A fisioterapeuta Milene Martins, também ouvida pelo Folha, afirmou que não tem desejo ou paciência para buscar um amor romântico com quem construir uma vida. E tudo isso começou com uma necessidade de proteção contra a rejeição.
Além de precisar lidar com a separação dos pais, que aconteceu quando ainda era bebê, ela também passou por maus bocados na época da escola. Ela era vista como o patinho feio da turma, e isso a colocava constantemente como alvo de atitudes maldosas.
Os anos se passaram, mas as implicâncias continuaram. Por conta disso, Milene não teve uma vida amorosa movimentada. Quando se envolveu com um rapaz, não durou muito tempo para que os ataques começassem. As pessoas a apelidaram de Dragão e o rapaz de São Jorge. Esses e outros episódios cobraram um preço muito alto da sua autoestima.
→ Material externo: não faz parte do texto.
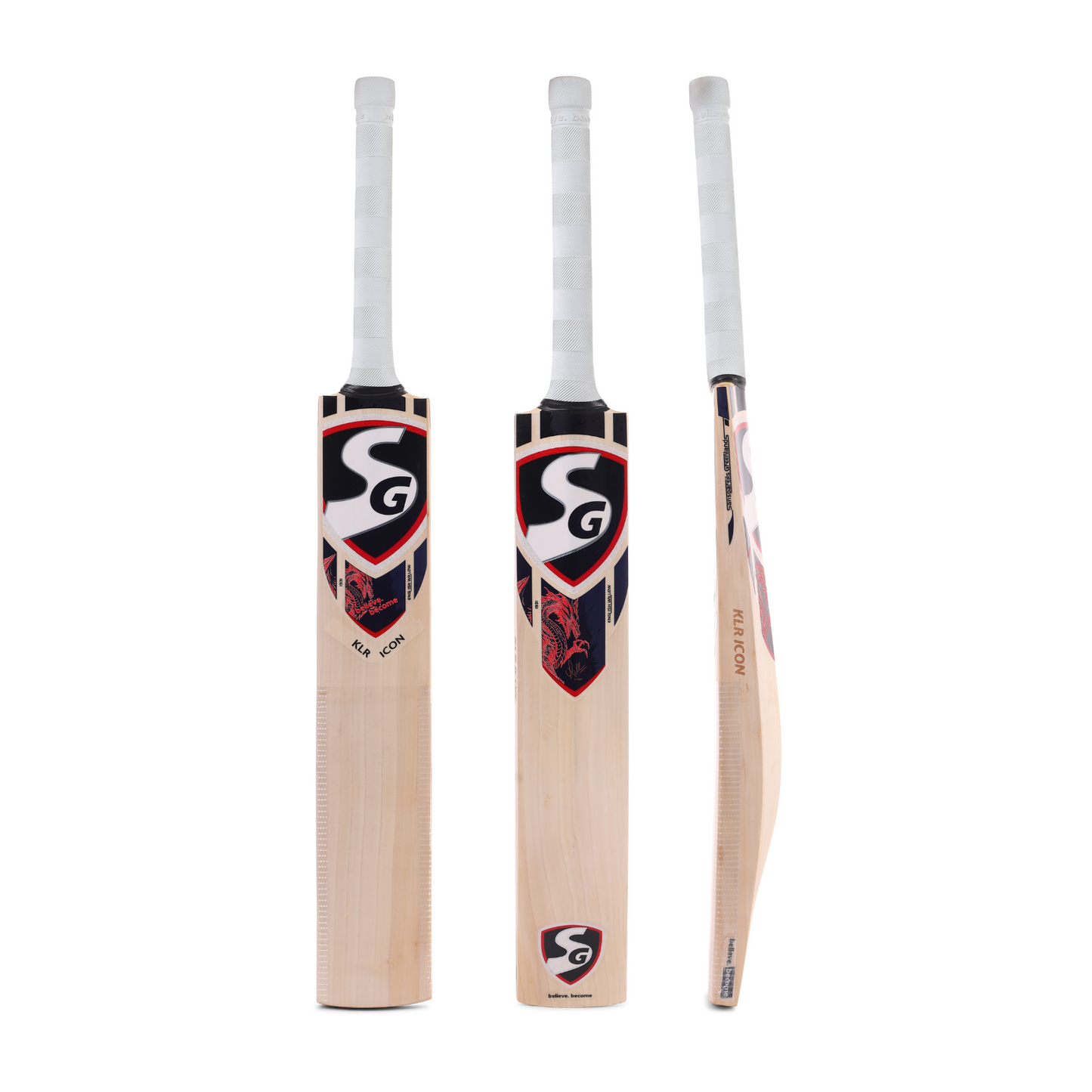 SG KLR ICON English Willow Cricket Bat (KL Rahul Series)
Atualmente, ela enxerga as coisas que viveu como uma forma de salvação para o desejo do amor na vida adulta. Quanto mais observa as decepções que os seus amigos em relacionamentos românticos passam, mais se assegura de que tomou a decisão certa.
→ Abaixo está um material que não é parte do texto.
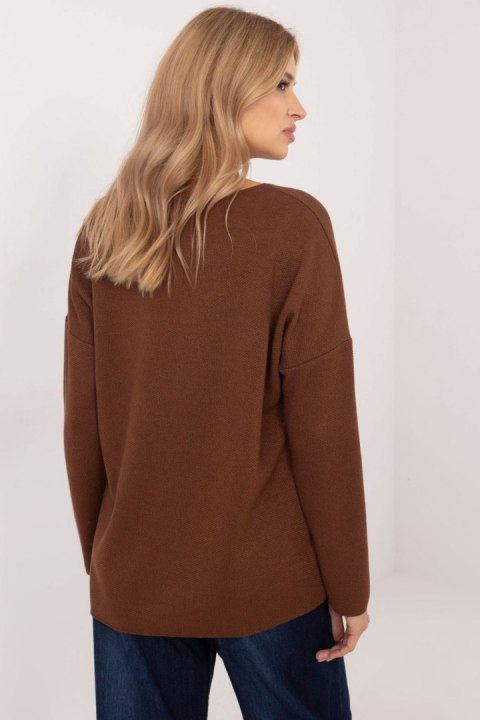 Sweter Damski Model DHJ-BZ-19238.26 brown - Italy Moda Sweter Damski Model DHJ-BZ-19238.26 brown - Italy Moda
Milene afirmou que conhece poucos casais que realmente têm uma vida legal juntos, e que ela não quer esse tipo de desgaste mental em sua própria vida, ainda que incentive os amigos a ter um amor romântico.
Afinal, desistir de um amor romântico é ruim?
Todos os dias somos bombardeados de publicações nas redes sociais que mostram que todos conseguem fazer o amor romântico funcionar, menos nós. Mas como sabemos, isso não é necessariamente verdade.
O professor do Instituto de Psicologia da USP, Christian Dunker, defende que a maturidade passou longe do conceito de romantismo, porque ele defende um tipo de amor que no dia a dia é inviável.
E também por conta disso, esse tipo de amor, que consiste em casamento e filhos, tem sido fortemente substituído pela construção de vidas mais individuais, porém mais completas para cada indivíduo.
O foco agora não é mais na busca pela outra metade, mais sim pelo sucesso na carreira, pela construção de amizades duradouras, pelas viagens, tempo pessoal e amor próprio, quem têm tanto potencial de nos fazer felizes e completos quanto um relacionamento romântico.
Desistir de viver um amor romântico não é necessariamente ruim. Mas não é que não precisamos de amor, apenas precisamos encarar esse sentimento de forma madura e realista, sabendo reconhecer quando as coisas não deram certo e seguir em frente, sem idealizações.